DARA – Begitu dikatakan Bupati Cirebon Drs H Imron, MAg dalam pertemuannya dengan Kementerian Pemberdayaan Perempuan dan Perlindungan Anak (Kemenpppa) Republik Indonesia di Pendopo Bupati, Kota Cirebon.
Pertemuan juga dihadiri Asisten Deputi Pemenuhan Hak Anak atas Pengasuhan dan Lingkungan Kemenpppa Rohika Kurniadi Sari, SH, MSi, perwakilan United Nations Fund for Population Activities (UNFPA) Anjali Sen, Kepala Dinas Pengendalian Penduduk Keluarga Berencana Pemberdayaan Perempuan dan Perlindungan Anak (DPPKBP3A) Kabupaten Cirebon, Eni Suhaeni, dan sejumlah pejabat lainnya.
“Di Kabupaten Cirebon dan daerah Pantura, perempuan khususnya harus bisa menunda pernikahan. Jangan sampai memaksakan anak belum siap nikah nanti bisa menimbulkan masalah,” kata bupati.
Tingginya angka pernikahan pada perempuan, kata bupati, disebabkan berbagai faktor, salah satunya kemiskinan, sehinga diharapkan program dari pemerintah pusat untuk perempuan bisa menyelesaikan masalah tersebut.
“Pendekatan kepada perempuan harus dilakukan lagi oleh perempuan supaya lebih efektif.
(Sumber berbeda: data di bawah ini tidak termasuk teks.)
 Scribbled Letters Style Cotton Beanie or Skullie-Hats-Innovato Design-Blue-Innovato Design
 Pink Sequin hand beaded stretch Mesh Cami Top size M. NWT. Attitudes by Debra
Intinya, pemerintah selalu berpihak kepada perempuan,” katanya.
Sementara itu, Asisten Deputi Pemenuhan Hak Anak atas Pengasuhan dan Lingkungan Kemenpppa Rohika Kurniadi Sari mengatakan, di Kabupaten Cirebon sudah banyak memiliki program yang melibatkan perempuan dan anak.
Di salah satu pesantren di Kabupaten Cirebon ada sosok perempuan yang menjadi pemimpin. Menurutnya, sosok tersebut mampu menjadi agen perubahan secara nasional dan internasional.
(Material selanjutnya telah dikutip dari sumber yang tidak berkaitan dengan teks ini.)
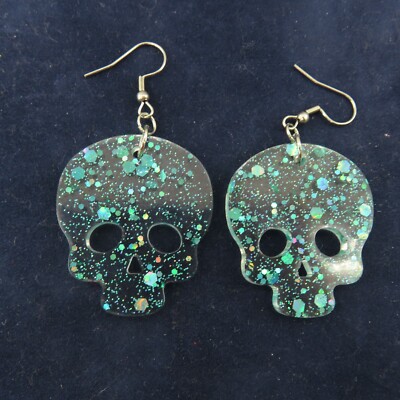 SKULL Dangle Earrings Turquoise Blue Aqua Chunky Glitter Halloween Goth Witchy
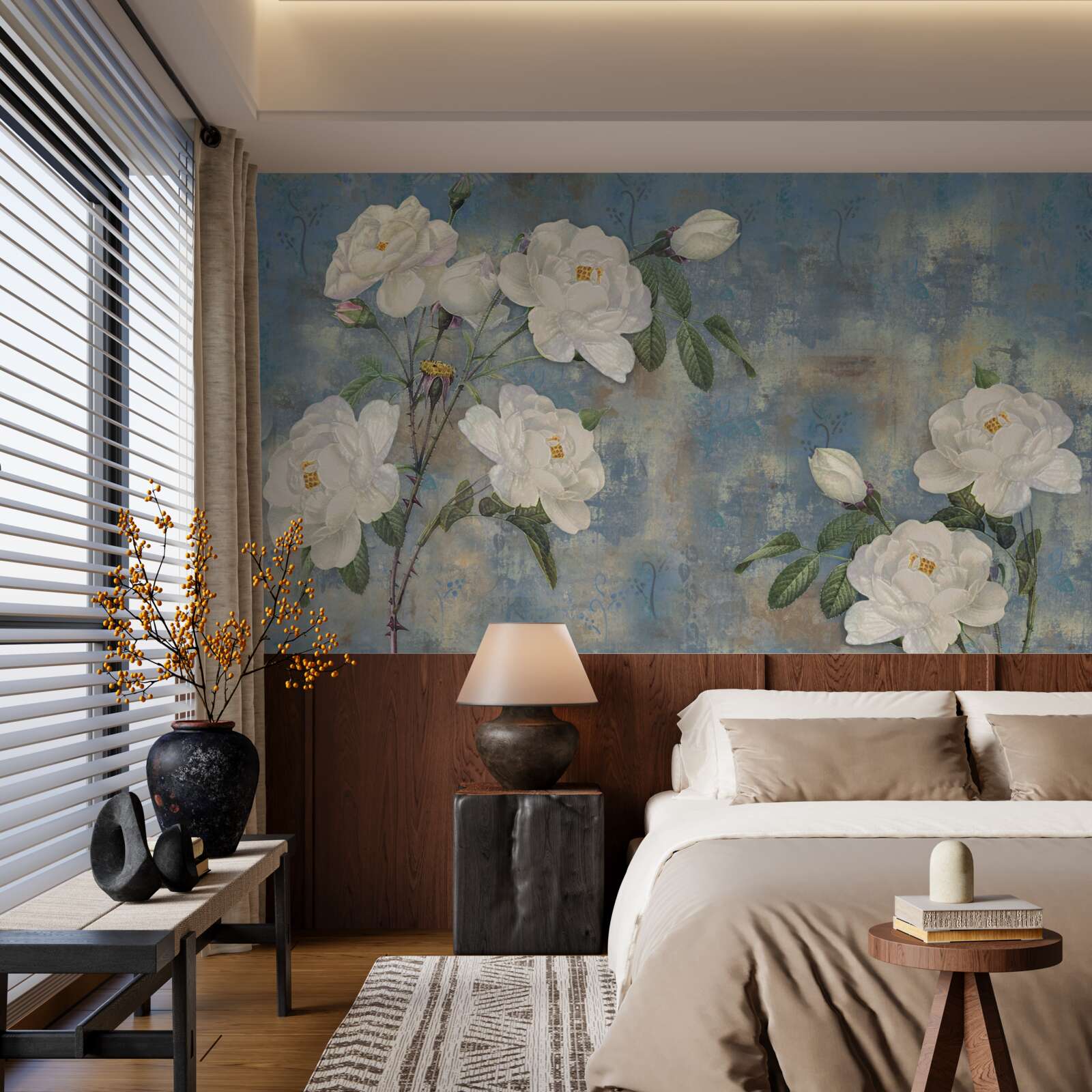 Fototapeta biela ružová na modrom základe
“Saya yakin aset-aset ini bisa mempengaruhi cara pandang seluruh pesantren bagaimana melaksanakan upaya penanganan kekerasan berbasis gender ini,” kata Rohika.
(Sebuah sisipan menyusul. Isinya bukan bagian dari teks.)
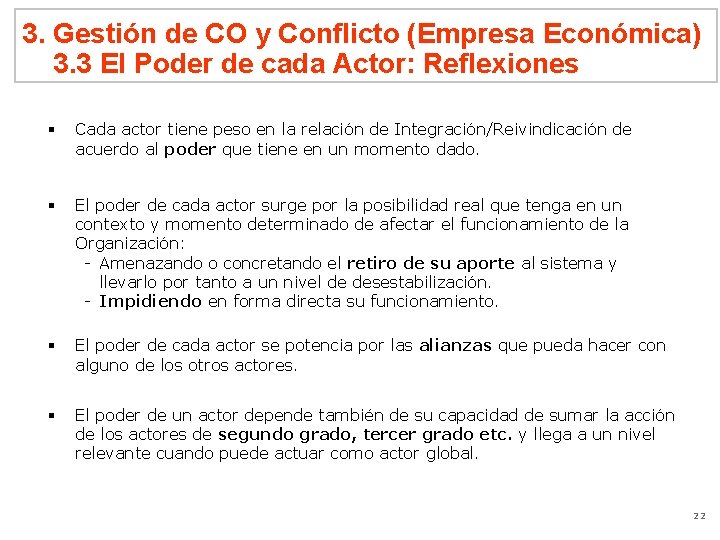 3. Gestión de CO y Conflicto (Empresa Económica) 3. 3 El Poder de cada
“Nantinya, Kabupaten Cirebon akan mempunyai sistem yang menjamin pemenuhan hak dan menjamin tidak adanya kekerasan perempuan dan anak,” imbuhnya.
Kepala DPPKBP3A Kabupaten Cirebon, Eni Suhaeni, mengatakan, pemerintah daerah sudah menjamin perempuan dan anak dari segala bentuk kekerasan. Hal tersebut sesuai peraturan daerah tentang pemberdayaan dan perlindungan terhadap anak.
Selain itu, Kabupaten Cirebon memiliki puluhan unit pelayanan teknis (UPT) pengendalian penduduk, pemberdayaan perempuan, dan perlindungan anak.
“Kami juga melakukan berbagai upaya mulai dari kampanye stop kekerasan perempuan dan anak. Kemudian kampanye stop perkawinan anak. Sekarang tinggal peningkatan sinergitas saja,” katanya.